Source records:
※

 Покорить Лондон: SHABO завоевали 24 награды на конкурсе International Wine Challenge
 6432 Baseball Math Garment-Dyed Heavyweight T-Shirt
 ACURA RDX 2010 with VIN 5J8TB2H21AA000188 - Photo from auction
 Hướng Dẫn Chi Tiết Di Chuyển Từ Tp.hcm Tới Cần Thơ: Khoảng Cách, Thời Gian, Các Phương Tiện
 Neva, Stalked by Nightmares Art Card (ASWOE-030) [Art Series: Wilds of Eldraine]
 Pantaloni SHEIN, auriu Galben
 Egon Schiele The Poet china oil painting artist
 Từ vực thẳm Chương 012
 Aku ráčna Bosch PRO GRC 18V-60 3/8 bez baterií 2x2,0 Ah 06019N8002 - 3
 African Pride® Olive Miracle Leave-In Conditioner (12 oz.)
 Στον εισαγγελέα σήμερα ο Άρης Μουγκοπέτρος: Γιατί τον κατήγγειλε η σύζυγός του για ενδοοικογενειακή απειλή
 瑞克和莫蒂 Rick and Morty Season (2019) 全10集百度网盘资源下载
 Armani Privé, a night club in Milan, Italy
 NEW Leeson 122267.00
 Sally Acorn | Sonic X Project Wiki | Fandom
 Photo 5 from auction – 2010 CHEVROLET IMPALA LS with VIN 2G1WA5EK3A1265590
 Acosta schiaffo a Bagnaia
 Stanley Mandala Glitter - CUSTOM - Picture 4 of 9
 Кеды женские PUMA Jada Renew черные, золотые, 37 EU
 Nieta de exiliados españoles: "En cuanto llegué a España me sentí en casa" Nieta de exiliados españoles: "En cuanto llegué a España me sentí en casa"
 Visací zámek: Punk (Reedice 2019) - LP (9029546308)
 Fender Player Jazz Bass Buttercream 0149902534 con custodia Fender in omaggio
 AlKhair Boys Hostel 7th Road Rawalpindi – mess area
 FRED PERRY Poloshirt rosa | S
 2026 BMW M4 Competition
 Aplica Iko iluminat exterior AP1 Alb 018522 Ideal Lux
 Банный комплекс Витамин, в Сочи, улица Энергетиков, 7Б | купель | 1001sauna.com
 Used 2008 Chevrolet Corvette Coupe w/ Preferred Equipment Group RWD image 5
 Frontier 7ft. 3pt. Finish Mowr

※

TASK DESCRIPTION: Each line of the data must be set down again as it is.

ANSWER BOX:
 Покорить Лондон: SHABO завоевали 24 награды на конкурсе International Wine Challenge
 6432 Baseball Math Garment-Dyed Heavyweight T-Shirt
 ACURA RDX 2010 with VIN 5J8TB2H21AA000188 - Photo from auction
 Hướng Dẫn Chi Tiết Di Chuyển Từ Tp.hcm Tới Cần Thơ: Khoảng Cách, Thời Gian, Các Phương Tiện
 Neva, Stalked by Nightmares Art Card (ASWOE-030) [Art Series: Wilds of Eldraine]
 Pantaloni SHEIN, auriu Galben
 Egon Schiele The Poet china oil painting artist
 Từ vực thẳm Chương 012
 Aku ráčna Bosch PRO GRC 18V-60 3/8 bez baterií 2x2,0 Ah 06019N8002 - 3
 African Pride® Olive Miracle Leave-In Conditioner (12 oz.)
 Στον εισαγγελέα σήμερα ο Άρης Μουγκοπέτρος: Γιατί τον κατήγγειλε η σύζυγός του για ενδοοικογενειακή απειλή
 瑞克和莫蒂 Rick and Morty Season (2019) 全10集百度网盘资源下载
 Armani Privé, a night club in Milan, Italy
 NEW Leeson 122267.00
 Sally Acorn | Sonic X Project Wiki | Fandom
 Photo 5 from auction – 2010 CHEVROLET IMPALA LS with VIN 2G1WA5EK3A1265590
 Acosta schiaffo a Bagnaia
 Stanley Mandala Glitter - CUSTOM - Picture 4 of 9
 Кеды женские PUMA Jada Renew черные, золотые, 37 EU
 Nieta de exiliados españoles: "En cuanto llegué a España me sentí en casa" Nieta de exiliados españoles: "En cuanto llegué a España me sentí en casa"
 Visací zámek: Punk (Reedice 2019) - LP (9029546308)
 Fender Player Jazz Bass Buttercream 0149902534 con custodia Fender in omaggio
 AlKhair Boys Hostel 7th Road Rawalpindi – mess area
 FRED PERRY Poloshirt rosa | S
 2026 BMW M4 Competition
 Aplica Iko iluminat exterior AP1 Alb 018522 Ideal Lux
 Банный комплекс Витамин, в Сочи, улица Энергетиков, 7Б | купель | 1001sauna.com
 Used 2008 Chevrolet Corvette Coupe w/ Preferred Equipment Group RWD image 5
 Frontier 7ft. 3pt. Finish Mowr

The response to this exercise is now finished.